FAQ

How do credits work?

All features are priced using credits, which are billed per page (or minute for audio). Credits vary by parsing mode, model, and whether files are cached. Check the Credit Pricing & Usage page

How to see credit usage?

You can see how many credits you've used and have left in the UI or usage metadata included in every API call. Check the metadata docs for instructions on how to get this data)

Are the documents stored or cached anywhere, if so for how long?

Privacy is an important consideration when parsing sensitive documents. Your data is kept private to you only and is used only to return your results, never for model training. To avoid charging multiple times for parsing the same document, your files are cached for 48 hours and then permanently deleted from our servers.

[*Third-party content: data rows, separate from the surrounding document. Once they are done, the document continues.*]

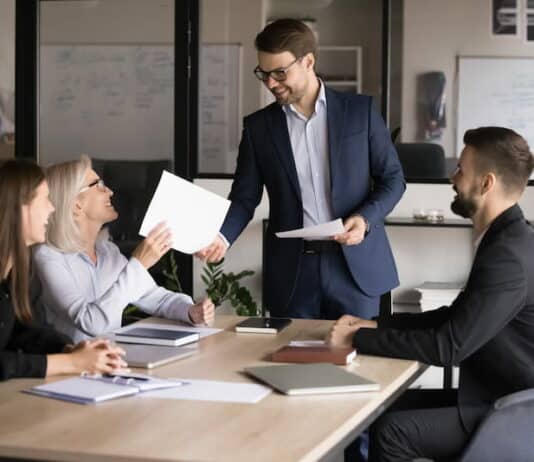 Arbeitnehmende sitzen in einem Büro an einem Tisch. Der Chef überreicht einer Arbeitnehmerin ein berufliches Zertifikat. Alle freuen sich über die Zertifizierung.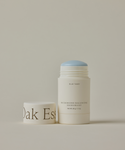 A white tube of Microbiome Balancing Deodorant with a blue cap, labeled as aluminum-free and ideal for sensitive skin. The cap, placed beside it, partially displays Oak Ess against a plain, light background.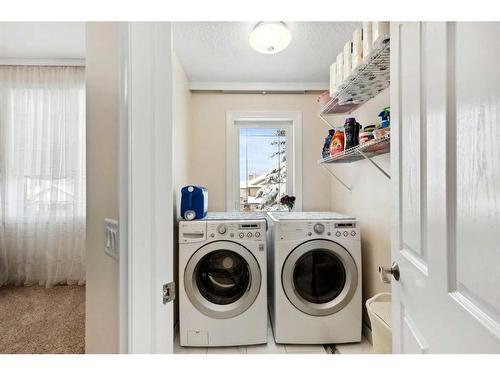 39 Everwillow Close Sw, Calgary, AB - Indoor Photo Showing Laundry Room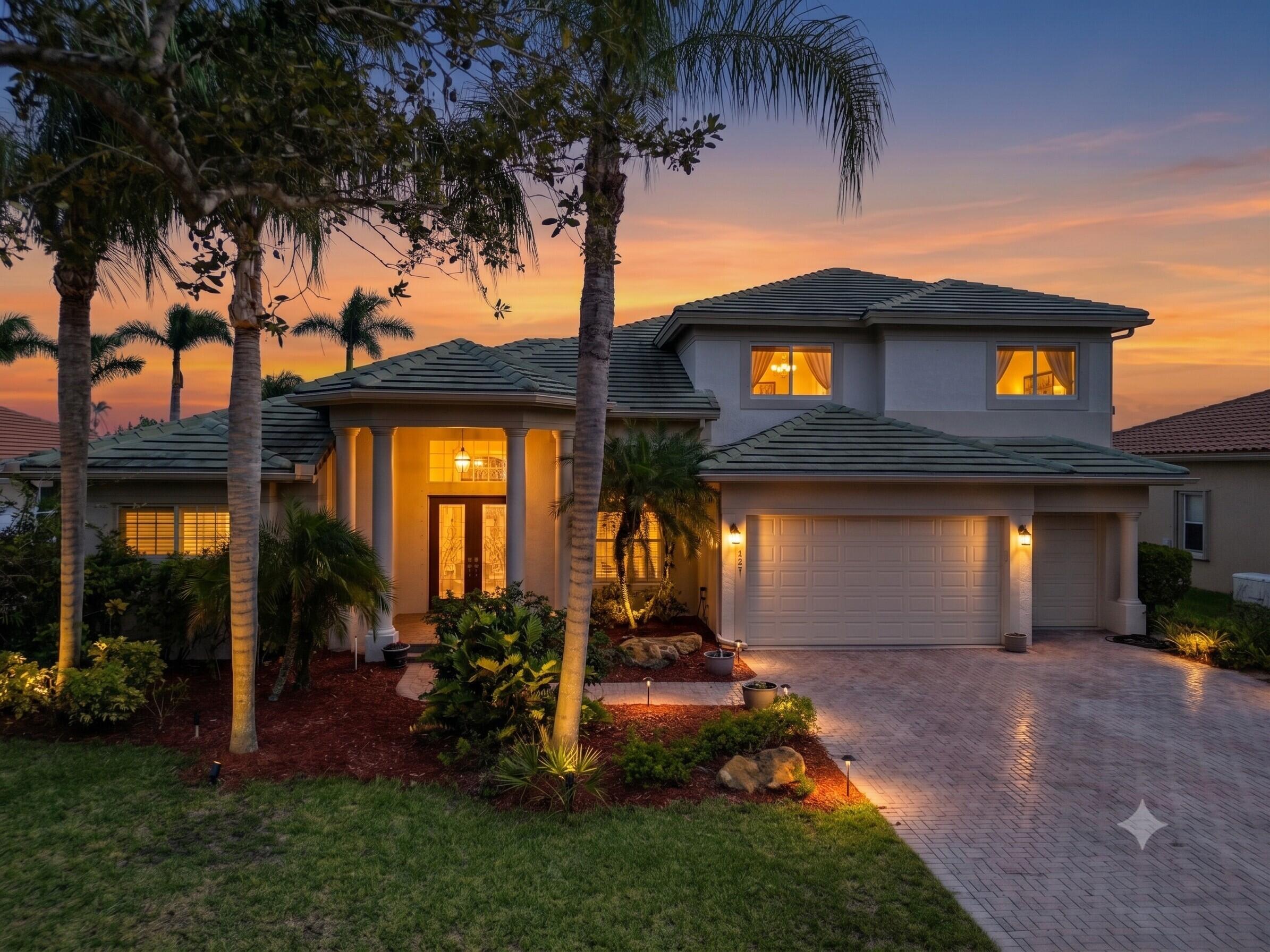 Two-story residence featuring a tile roof, paved driveway, and established landscaping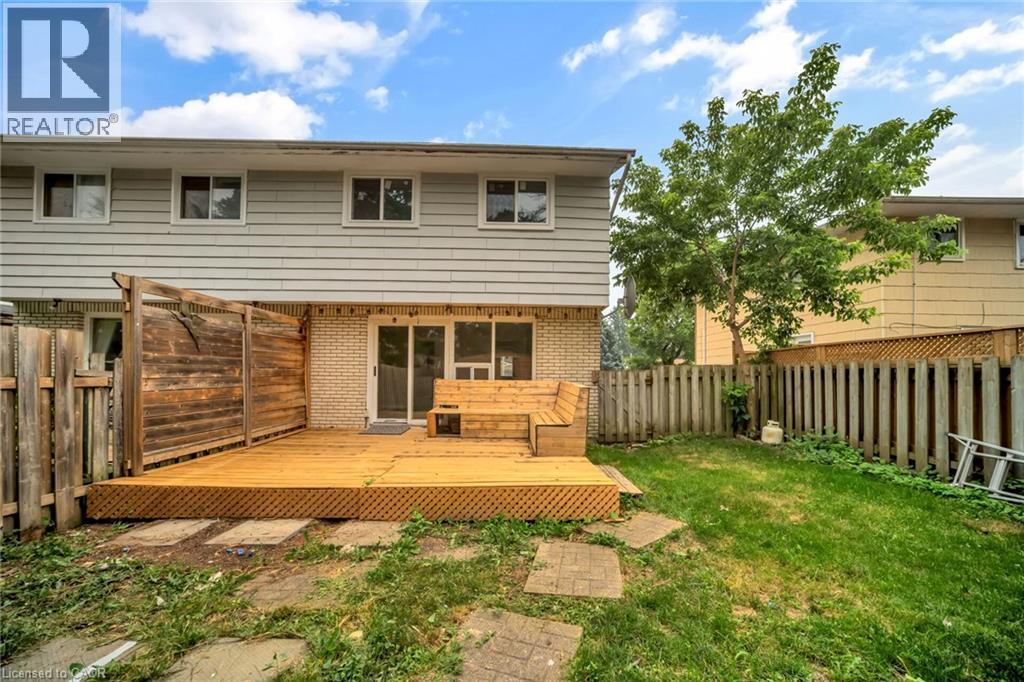 Expansive wood deck with an integrated bench seating area - 53 Burns Drive, Guelph, ON - Outdoor With Deck Patio Veranda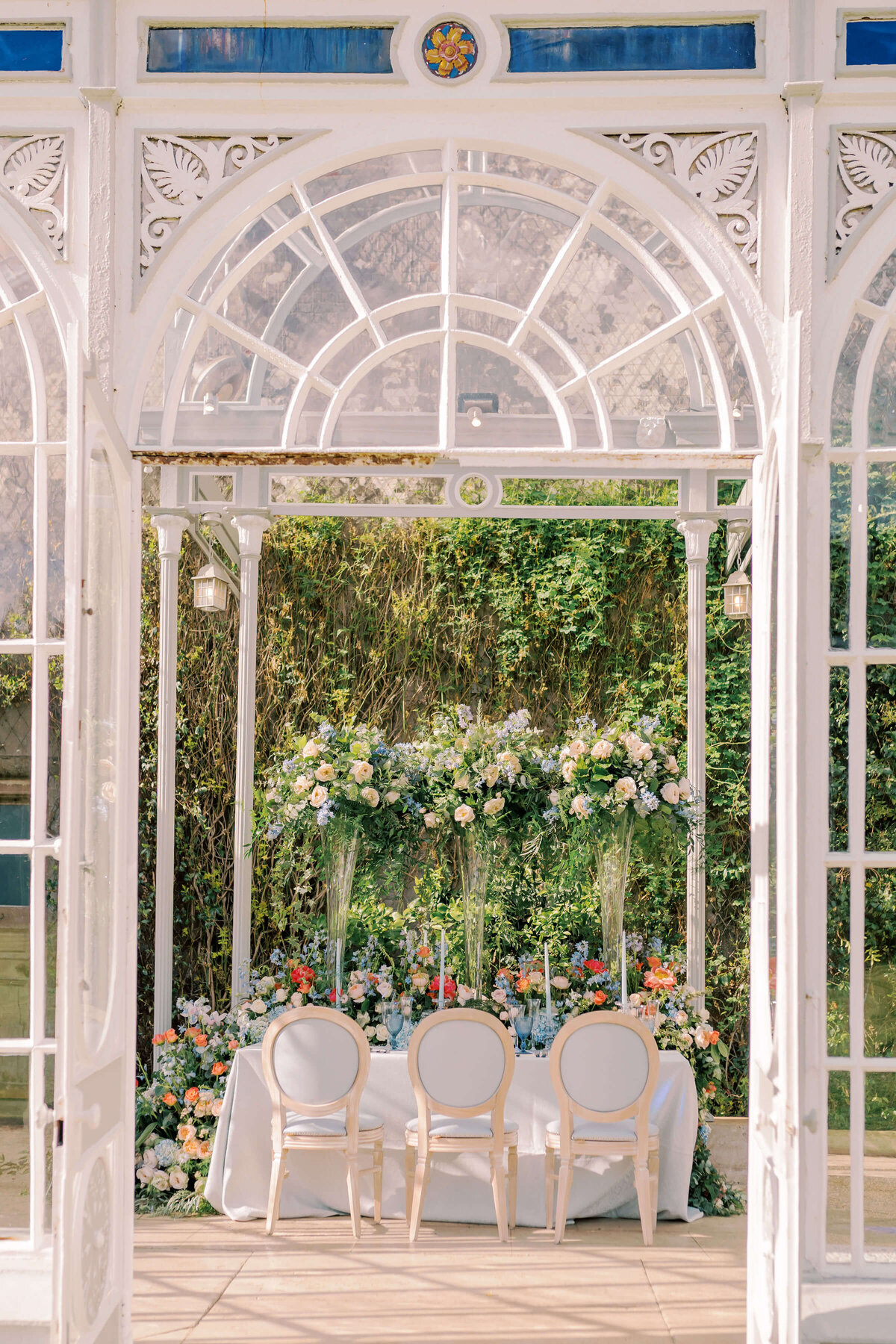 orangery glasshouse at avington park with a blue and coral themed wedding dinner table set up with blue chairs and foliage backdrop behind it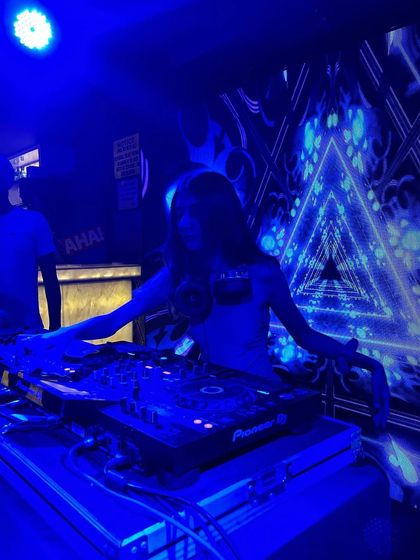 Striking a pose during my set at QB Lounge Bar in Dehradun. The blue lighting and triangular patterns created a futuristic vibe.
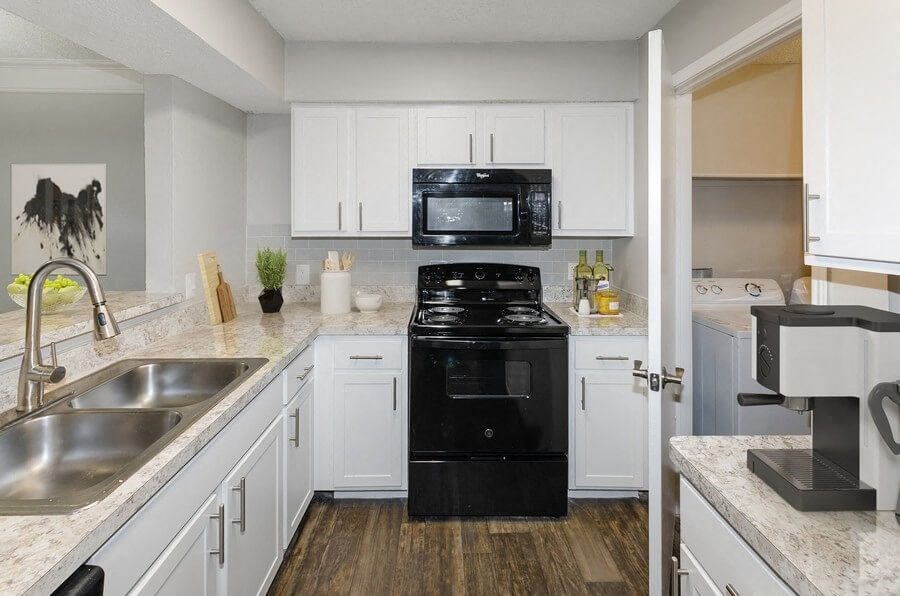 Model kitchen showcasing new appliances at Cobblestone, Arlington, Texas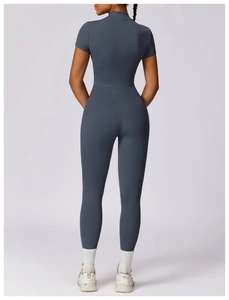 Detail view of the back silhouette and high-stretch fabric of the charcoal yoga bodysuit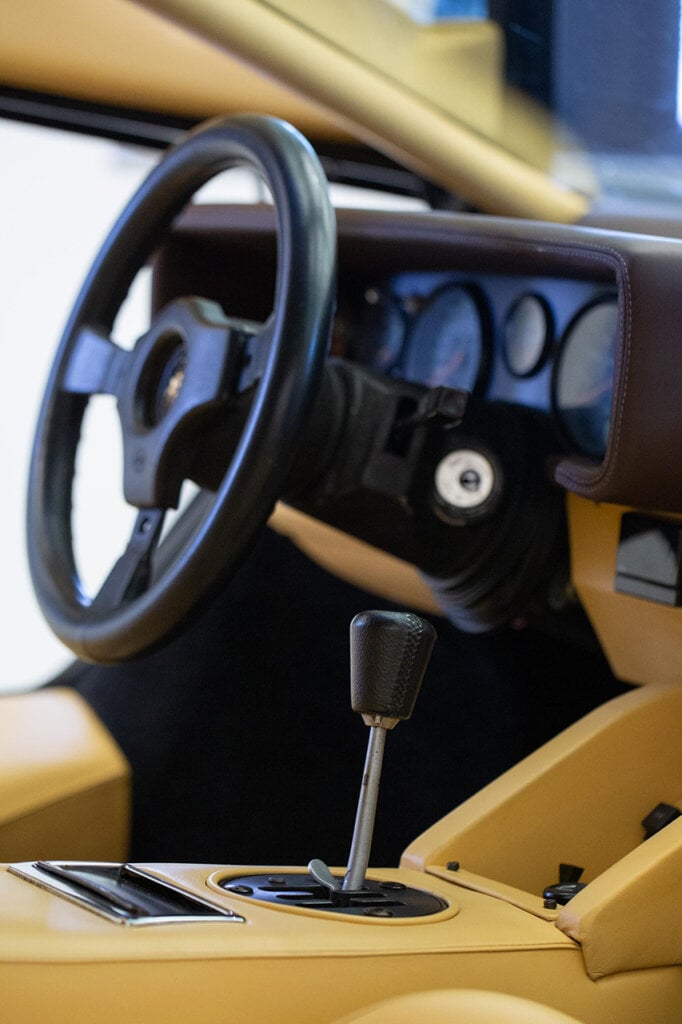tan interior with a gated manual stickshift and steering wheel of a Lamborghini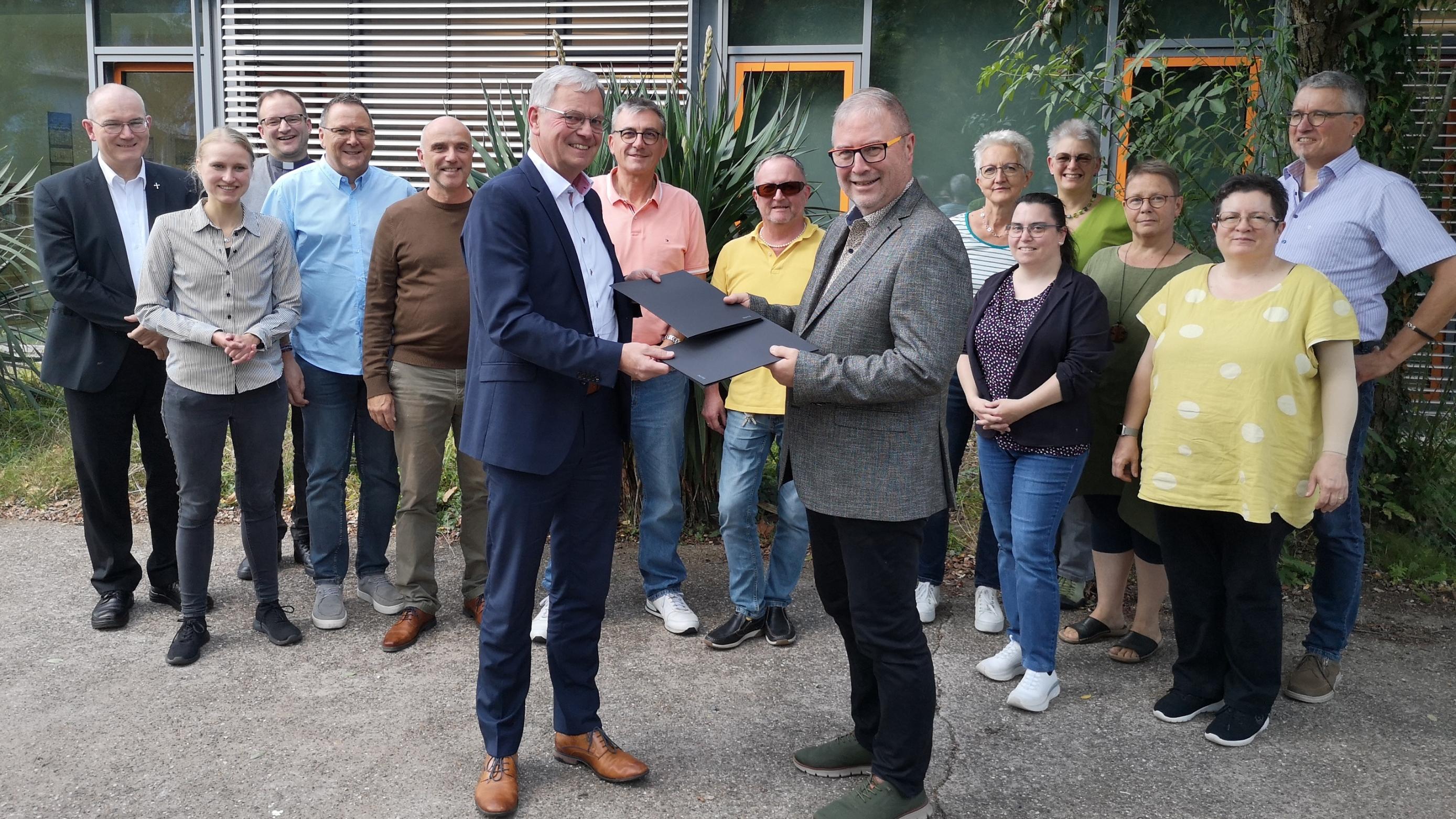 Generalvikar Dr. Ulrich Graf von Plettenberg (v.l.) und Superintendent Christian Weyer (v.r.) nehmen wechselseitig die unterzeichnete Kooperationsvereinbarung zur Krankenhausseelsorge in Empfang. Dahinter Vertretende der Klinikseelsorgenden im Saarland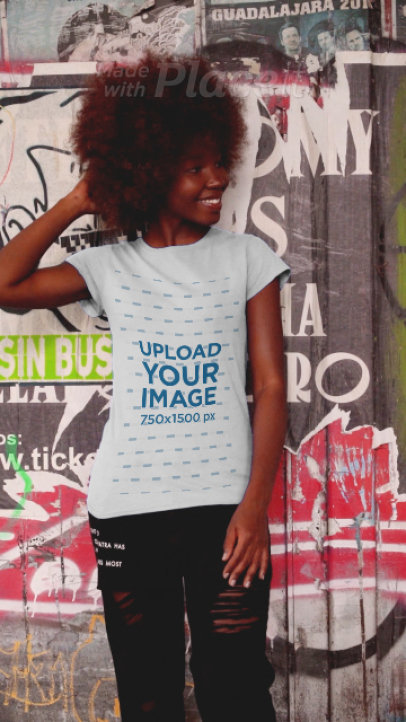 T-Shirt Video of a Happy Young Woman Posing In an Urban Scenario
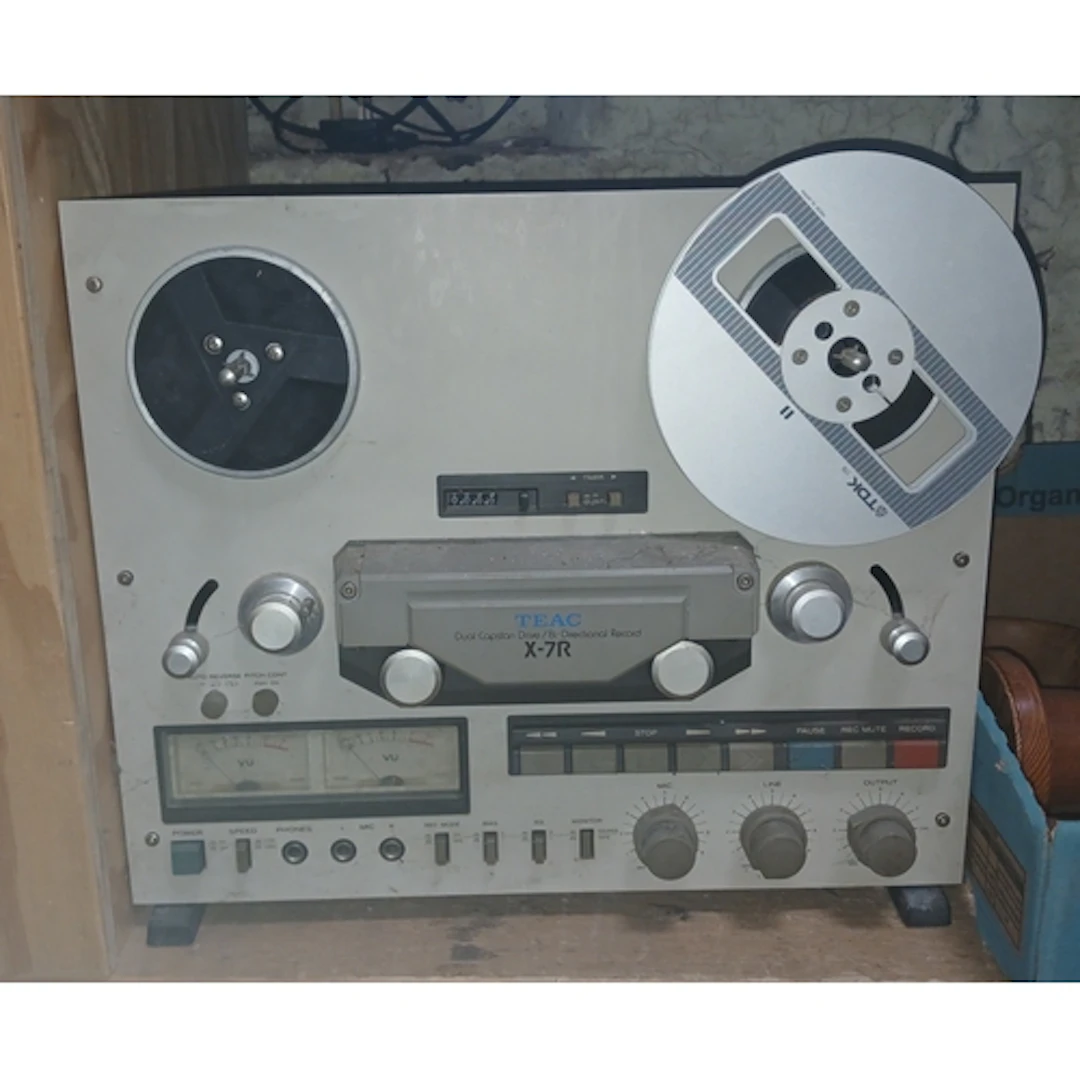A Teac X-7R reel to reel player/recorder.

How to avoid caching sensitive documents?

If you wish to avoid caching sensitive documents, you may set do_not_cache=True.

How long does parsing typically take?

It depends on the length and complexity of the document, in particular:

The number of pages
The number of images
- And whether text must be extracted from those images
The density of text on each page

On average, parsing a block of takes 45 seconds. However, this is a rough estimate and the actual time may vary. For example, a document with many images may take longer to parse than a text-only document with the same number of pages.

What are some of the current limitations?

Maximum run time for jobs : 30 minutes. If your job take more than 30 minutes to process, a TIMEOUT error will be raised.
Maximum size of files: 300Mb.
Maximum image extracted / OCR per page: 35 images. If more images are present in a page, only the 35 biggest one are extracted / OCR.
Maximum amount of text extracted per page: 64Kb. Content beyond the 64Kb mark is ignored.